Lasak believes that the jails might end up costing more.

“I’ve been told that the plan from that the Lippmann Commission is going to cost $33 billion over 10 years,” said Lasak.

In 2017, days after the mayor’s announcement to close Rikers, the Lippmann Commission released its “A More Just NYC” blueprint suggesting that closing the East River prison complex would help with decarceration and save the city $1.3 billion annually.

“There is a rush here to do something to fulfill an ill-conceived plan that was not thought out properly with obviously no involvement of the community,” said Lasak.

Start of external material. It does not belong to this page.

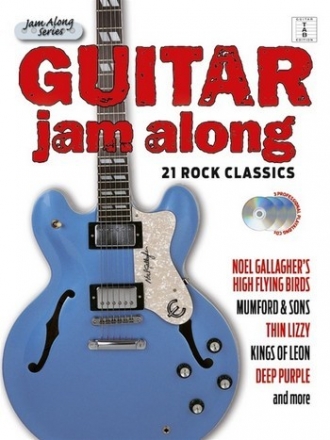 Guitar Jam along - 21 Rock Classics (+3 CD's) for guitar/tab (+lyrics)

Many residents of Kew Gardens and nearby neighborhoods said they weren’t aware of the jail being placed in the area until August 2018.

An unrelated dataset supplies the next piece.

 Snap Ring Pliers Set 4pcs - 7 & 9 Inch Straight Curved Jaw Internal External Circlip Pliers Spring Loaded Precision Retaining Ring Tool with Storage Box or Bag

The plan to build a community-based jail in Queens calls for using an underutilized parking lot and knocking down a detention center that laid dormant for over a decade at 126-02 82nd Ave.

The proposed jail is expected to be 27-stories, 1.3 million square feet and will hold 1,437 inmates, according to initial outlines.

“I know that there are two facilities on Rikers Island that are vacant,” said Lasak. “My proposal is to build a state-of-the-art facility on Rikers Island.”

One of the reasons for the blowback in Kew Gardens are the four local schools that are a few blocks away from the proposed jail.

“My granddaughter goes to P.S. 99, which is right around the corner,” said Debbie McGirt who traveled from Laurelton to the rally. “This is a community where you have a lot of children.”

P.S. 99 is located at 82-34 Kew Gardens Rd., and the other schools include The Kew-Forest School at 119-17 Union Turnpike, Ezra Academy at 119-45 Union Turnpike and the Archbishop Molloy High School at 83-53 Manton St.

“There are plenty of places in Queens that this construction could take place,” said McGirt. “I’m here to support that school. She’s been there since kindergarten and now she is in the fifth grade.”

Donghui Zang, a Forest Hills resident, protesting proposed Kew Gardens prison as part of Mayor’s plan to close Riker’s Island and open borough-based detention centers. Photo/Naeisha Rose.

Donghui Zang, a Forest Hills resident, doesn’t like the idea of New York’s image becoming associated with jails that are as tall as high-rises. He also took issue with the facilities coming with retail space.

“When tourists come to New York City they won’t think the Empire State Building or the World Trade Center, but they will be thinking about these skyscraper prisons, so that is number one,” said Zang. “I talked to the residents here and they said, ‘what the hell, what kind of idea is that? We don’t want businesses related to criminals.”

City Council Member Karen Koslowitz
Evan Boccardi, local Kew Garden resident and now candidate to unseat City Councilwoman Karen Koslowitz. Photo Credit Naeisha Rose.

Councilwoman Karen Koslowitz (D-Forest Hills) support of the prison left one resident so upset that he decided to announce that he will run for her District 29 seat.

“I’m disrupting my life because sitting on the sidelines no longer cuts it apparently,” said Evan Boccardi, an engineer. “I announce today the core message of my campaign – if there is a structure to be built here it should have one purpose – affordable housing for seniors, our veterans and the disabled. The community is being priced out. My campaign slogan is a simple one: homebound.”

Boccardi, 27, is a Forest Hills resident who was raised in Bayside.

“This whole neighborhood is our home and this is why I am running,” said Boccardi.